[Smt-talk] Subdominant versus Predominant

Nicolas Meeùs nicolas.meeus at paris-sorbonne.fr
Mon May 7 05:39:58 PDT 2012


Le 6/05/2012 22:25, Stephen Jablonsky a écrit :
> [...]
> I have always felt that Schenker was wrong in his premise and his 
> technique but there were so many enthusiastic believers out there that 
> I didn't want to be the one to shout "The Emperor has no clothes." As 
> a composer/theorist I have little interest in reducing a sonata form 
> movement into a three-chord progression with embellishing annotations.
Schenker, that I know, never suggested such a thing. What he did suggest 
is that one should start by viewing the work as the unfolding of a triad 
(but see below), that one should realize that this unfolding soon 
produces a dominant (and a subdominant) triads, and that the analysis 
further consists in reconstructing the whole work up to its surface 
elements. To view the analysis as consisting in a reduction to the 
"fundamental structure" indeed is a caricature.
> On May 6, 2012, at 3:49 PM, Ildar Khannanov wrote:
> [...]
> Schenker was wrong saying that tonality is unfolding of a tonic triad. 
> In a very poetic metaphoric sense, it is true, but practically, 
> tonality in music is created not by unfolding of a single triad but by 
> interaction of several triads.
Schenker did not say this, or at least not in these terms. He may not 
have been as clear as one might wish, but it can be deduced from his 
usages and from his graphs that a true tonal affirmation often consists 
in a T--S--D--T cycle.
     Having quoted two examples, by Mozart and Chopin, he explains in 
/Harmonielehre/ that "In both cases we see triads, unfolded as such in a 
rather satisfactory way [...]. But since throughout these four measures 
it is only one single triad that is asserted, it is impossible for us to 
find any satisfaction, particularly considering that the triads [...] 
may belong in three or six different keys" (E. Mann Borgese's 
translation, p. 213; p. 283 of the German original).
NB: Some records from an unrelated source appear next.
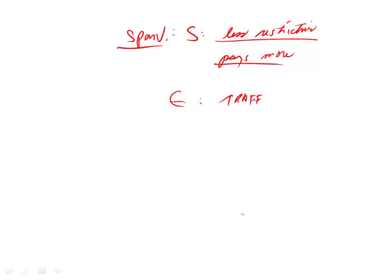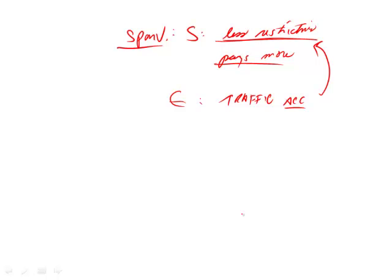So if there were more traffic accidents in Sparva, then what would happen? Well, we would have another reason. Oh, the reason why insurers pay more is not because it's this whole less restrictive business. It's just everyone is crashing in Sparva. Maybe it's foggy and the very winding roads and poorly lit, what have you. But the point is that more traffic accidents give us another explanation.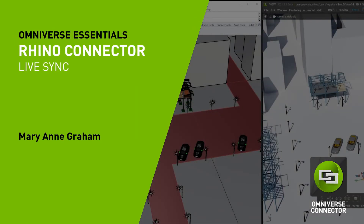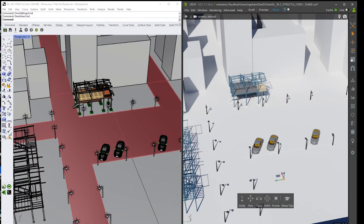Once you've created a USD file from Send to View, Publish, or Export, you can live sync with that file. Here we see Rhino and View side by side. Whichever method you have used to create the USD output — be it Send to View, Publish, or Export — the file name is automatically filled in here.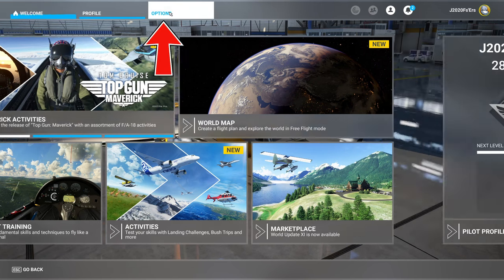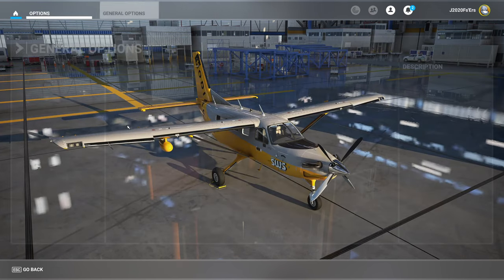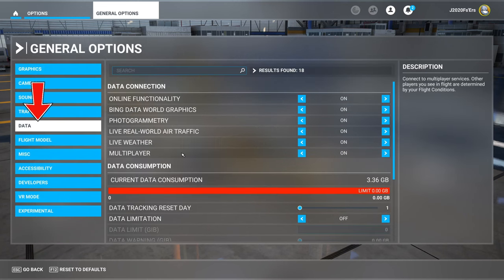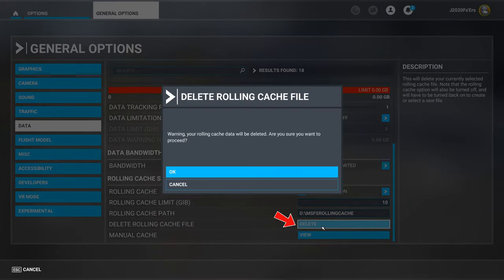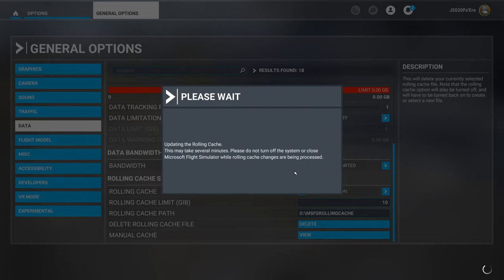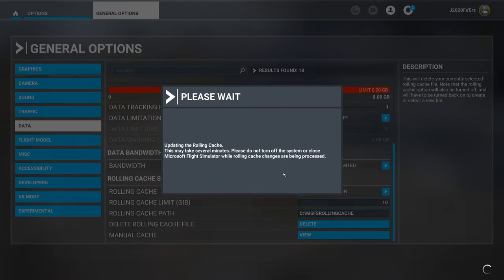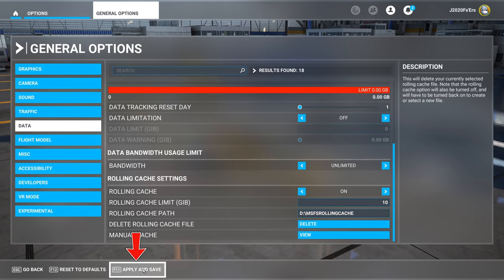So we're going to head up to the options tab, go down to general options, over to data, scroll all the way down to rolling cache, and you want to hit the delete button. For good measure, I'd like to do it one more time, and then make sure to go down and hit apply and save.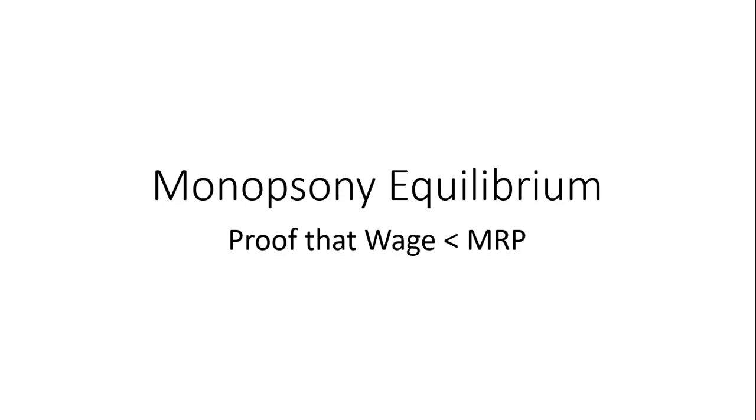Hello. In this video, we're going to look at the monopsony equilibrium. Our proof will show that the wage is less than the marginal revenue product.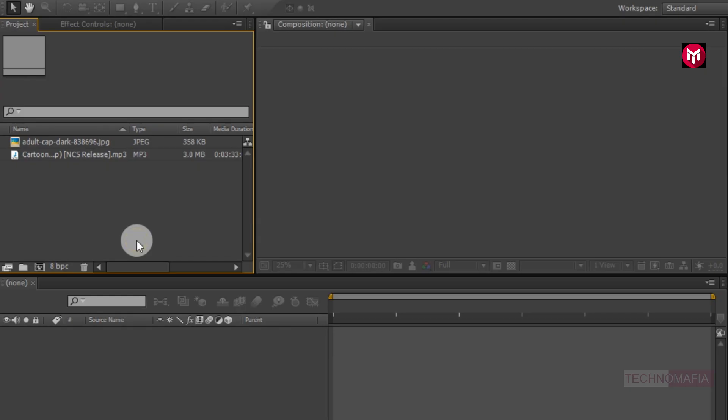To perform this tutorial you need your media file and your audio file. Here I have already imported the files required for this project.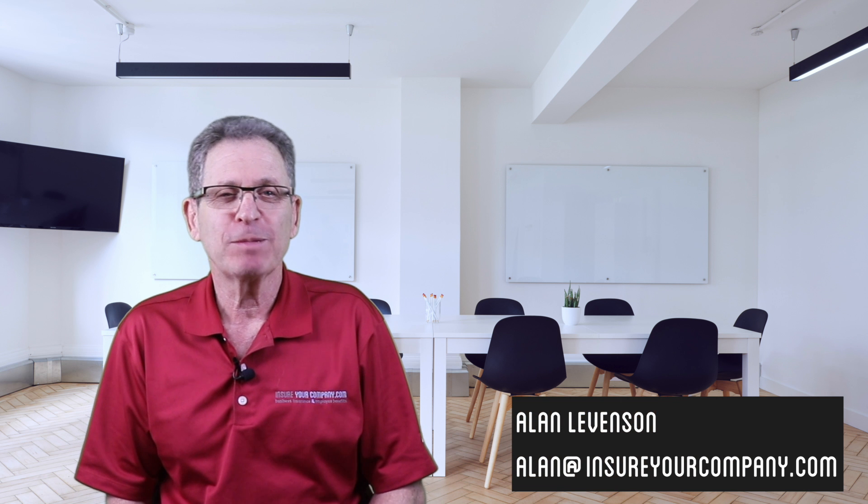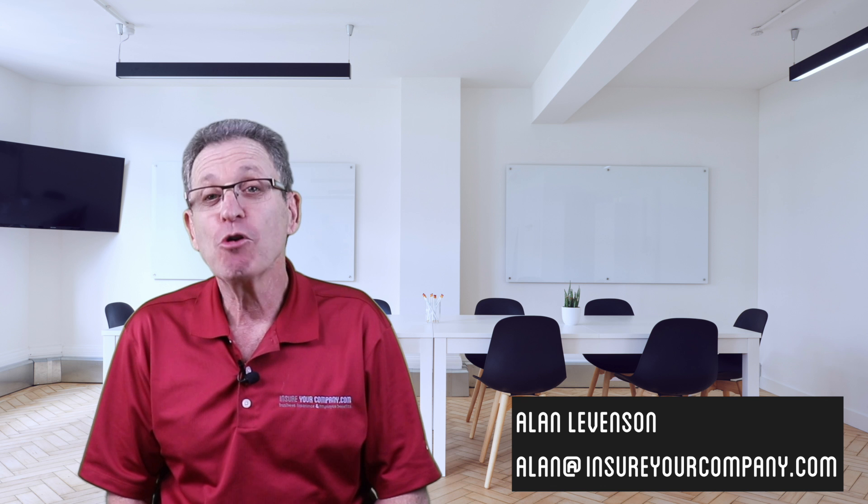Hi, Alan from InsureYourCompany.com. Protecting your dream and making you successful.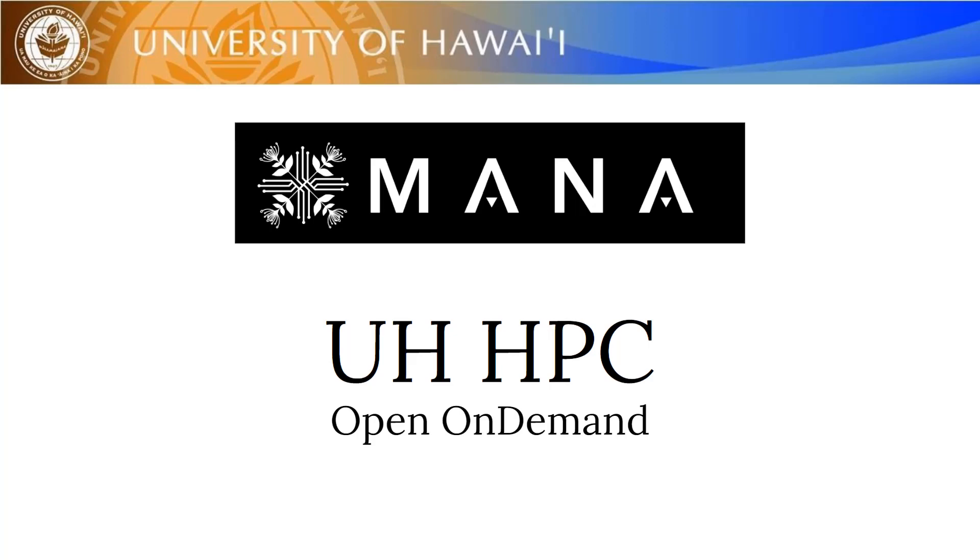Aloha. This video tutorial will show you how you can use the Open On Demand user portal for the Mona cluster. Open On Demand is an NSF-funded open-source HPC portal based on Ohio Supercomputing Center's original On Demand portal. Open On Demand allows users to access the Mona cluster through a user-friendly web browser interface.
And a few pages 
later, he adds: "If we consider such a step progression, I--IV--V--I, 
from the harmonic angle alone [...] we find that it emphasizes, first of 
all, the tonic and, second, the key of the tonic" (p. 217 of the 
translation, p. 287-288 of the original).//In later writings, he names 
such progressions /Stufenrund /or /Stufenkreis/, "cycle of the degrees".
     Schenker certainly stresses the dominant as the most important 
elaboration of the tonic, but he also underlines the importance of the 
progression to the dominant, for which he proposes several models (/Das 
Meisterwerk in der Musik/ II, p. 21; I unfortunately do not have the 
English translation). It is there (/ibid/., p. 22, note 7)//that he 
mentions for the first time the two interlaced slurs, one of which 
doubly curved, which he uses to denote /das Wegbahnen zur Dominante/, 
"the marking out of the way to the dominant", either I--IV--V--I or 
I--II--V--I. This sign, as I mentioned earlier, probably is taken over 
from Alfred Lorenz (/Das Geheimnis der Form.../, vol. I, p. 16) where it 
represents a kind of sinusoidal curve leading from the tonic to the 
subdominant under it, to the dominant above, and back to the tonic.